The proposals are part of a long-running effort to overhaul Byzantine regulations that seek to prevent certain information and technologies from reaching countries perceived to be hostile by the United States. These ‘export control’ rules can create a major — even perilous — headache for US researchers. In 2012, a plasma engineer at the University of Tennessee in Knoxville began serving a four-year jail sentence for violating these rules by working with graduate students from China and Iran while on a US Air Force contract.
Public-comment periods on the proposed rules close on 6 July and 3 August, and science groups are trying to raise awareness of what is at stake. “Once the rules get put in place, it’s very hard to dial back if you find them overly aggressive,” says Gregory Quarles, a physicist and board member of the Optical Society, a professional organization in Washington DC that is encouraging its members to study the rules and weigh in with any concerns.
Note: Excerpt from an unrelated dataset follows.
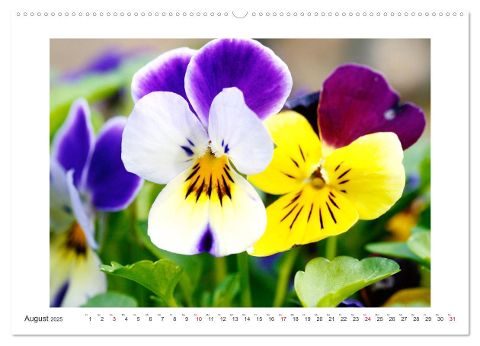 additionalImage12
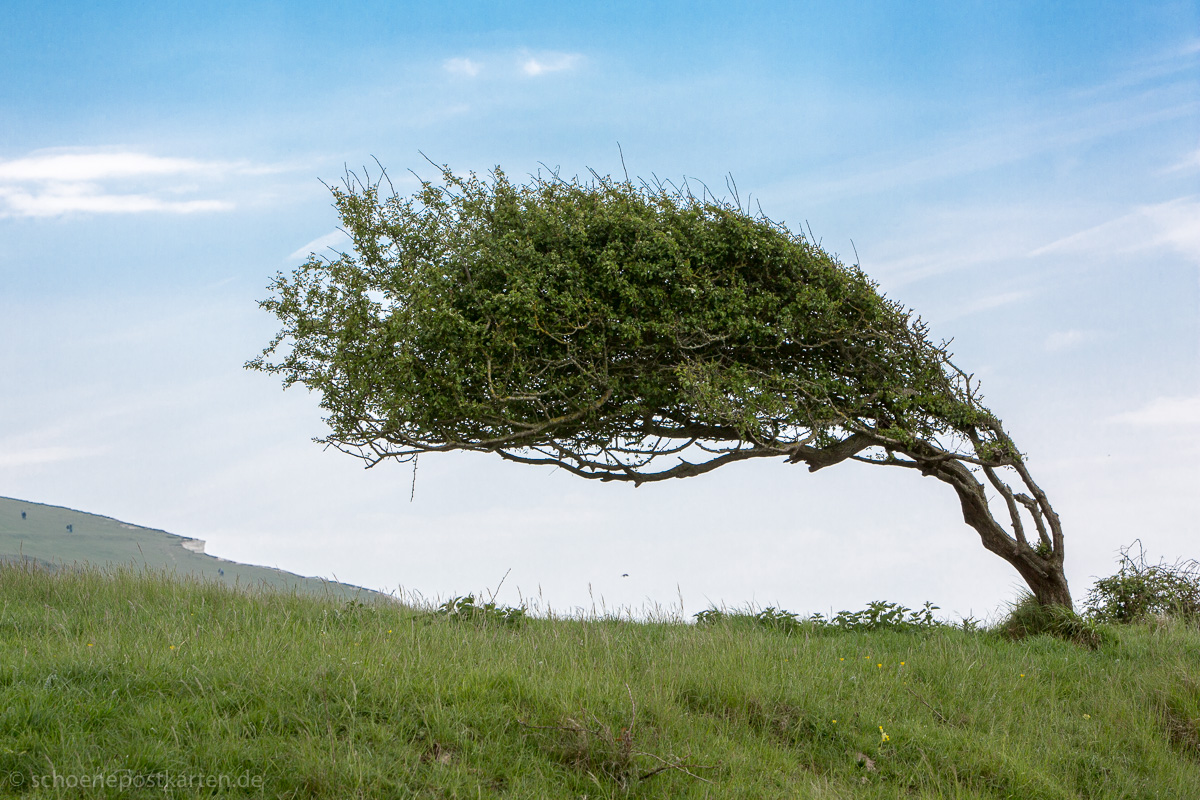 Vom Wind gebeugt, aber standhaft: Baum auf den Klippen der Seven Sisters in Südengland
Export control covers both physical equipment that leaves the United States — such as spacecraft components on their way to a launch site, or a laptop computer carrying sensitive information to a conference — and information conveyed to someone from another country. There are two parallel lists that describe which items are controlled, one maintained by the US Department of State and the other by the Department of Commerce.Over the past five years, regulators have been working to relax the system, moving some items from the restrictive state-department list — commonly known as ITAR, for International Traffic in Arms Regulations — to the less tightly controlled commerce-department list. But they have left some of the hardest topics for last.
“We’ve heard from at least a few institutions that this will totally stifle their ability to work with industry.”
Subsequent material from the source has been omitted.